Still, the Visa chief executive found the technology so compelling that it is a statement of the obvious to say we support chip... How could an association not support it?" "The chip card, as an electronic relationship manager, is a fundamental part of Visa's payment and information services strategy," Mr. Jensen said. "And distributing information processing to the consumer through a chip and other available technologies for value and information exchange is one of the foundation stones of Visa's strategy to support members." He urged that the chip be deployed in the context of "retail banking in its broadest sense" and not be-constrained by thinking only about its credit card or transaction processing implications. "We should not start the chip discussion with a predetermined package or housing, especially one based on a 30-year-old product," Mr. Jensen said.

***

Mr. Jensen's failure to wear "Wipe the Stripe" may have let down some of the more enthusiastic chip proponents. The Visa chief speculated in an interview later that Master-- Card CEO Lockhart might have been more willing to don the button.

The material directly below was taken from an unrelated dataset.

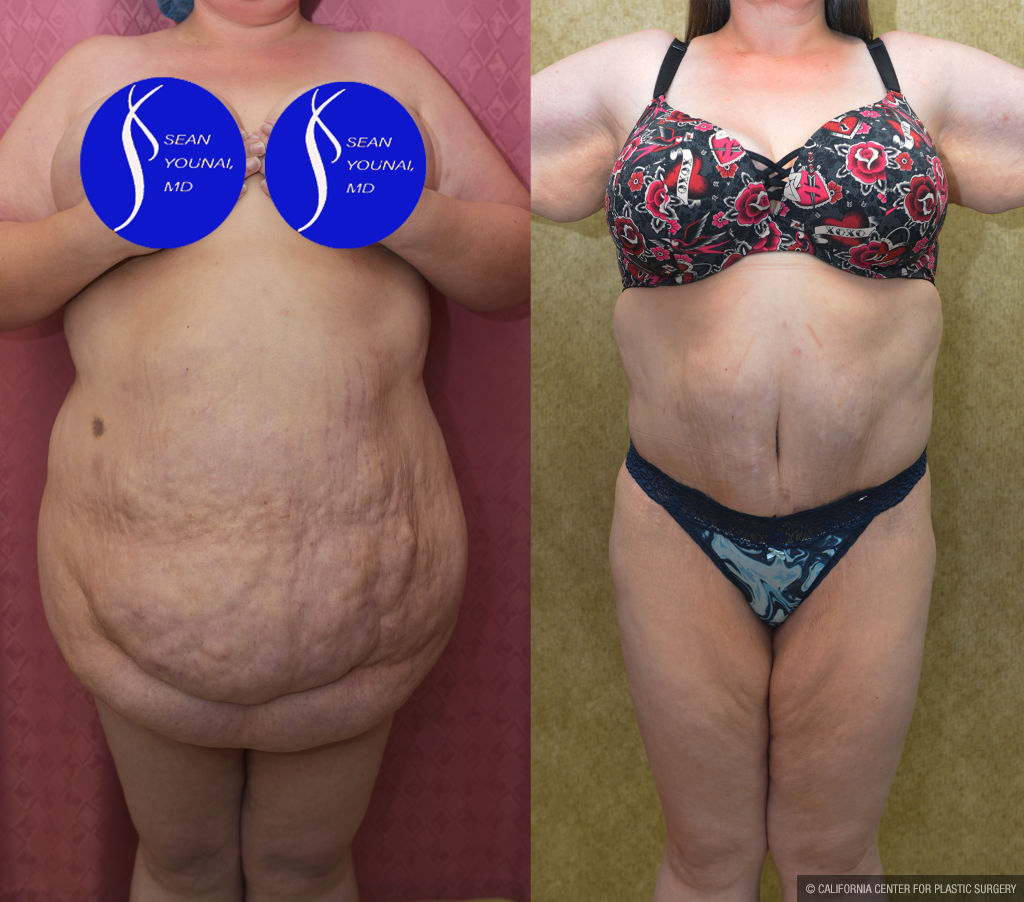 Tummy Tuck (Abdominoplasty) Super Plus Size Before & After Patient #13396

But MasterCard senior vice president Robin Townend gave Mr. Jensen credit for sounding a realistic tone.

Mr. Townend, head of the MasterCard technology team that is moving full-throttle down the smart card road, said in an interview, "It's not going to happen overnight."

Hard-charging MasterCard would not admit to being unrealistic. Quite the contrary, Mr. Lockhart sees MasterCard as technology-driven, and his commitment to the chip is evident in the people and resources he has deployed in recent months.

Among them are Mr. Townend, an internationally respected technologist who came from Barclays Bank in London, and Diane Wetherington, the former head of AT&T Smart Cards.

Mr. Townend understands the complexity of the task. He said his last chip card project at Barclays, a credit card tied to a mobile communications service, took almost three years.

The difference now is that he is helping to lead a global mobilization backed by an association of 22,000 financial institutions. In other forum presentations, each by a group member:

* Robert A.F. Reisner, vice president of technology applications at the U.S. Postal Service, said his agency is poised to play a role in how new technologies replace traditional, paper-based transactions and information exchanges. He sees the smart card helping consumers and businesses to navigate across the burgeoning communications highways. The postal service, he said, would be concerned with security and privacy protection measures such as data encryption and digital signatures, which smart cards can facilitate.

* Harel Kodesh, director of Microsoft Corp.'s personal electronics group, presented the revolutionary Microsoft vision of technology convergence and of the computer's capacity to educate, exchange information, and manage transactions in ways never before contemplated. "Smart cards and the information highway are very closely tied," he said.

Based on experience in mobile communications, mass transit, health care, and interactive or on-demand television programming, he said, "there is no doubt in my mind that the smart card will be the real passport, or access control device, that will allow us to use the information highway across the board."

* John Bermingham, president of AT&T Smart Cards, stressed the need to use the devices to their full potential. He said even today's chip cards, typically with a relatively meager capacity of about 3,000 bytes, are underutilized.

Saying 100,000-byte cards are "just around the corner," he recommended loading multiple applications onto smart cards and viewing them as part of a widening web of intelligence that is also distributed among central computers, terminals, and phones.

The smart card can enhance networks through encryption and authentication and can serve as an "intelligent agent" to help consumers manage their network access and information requirements.

Mr. Bermingham also said AT&T remains committed to the "contactless" type of chip.

AT&T believes its technology will prove superior to the cards that require direct contact with a chip-reading device, but contactless cards have not been included in the joint MasterCard-Visa standards discussions.

"We don't think we can convince MasterCard and Visa today, but there is dialogue between our companies," Mr. Bermingham said.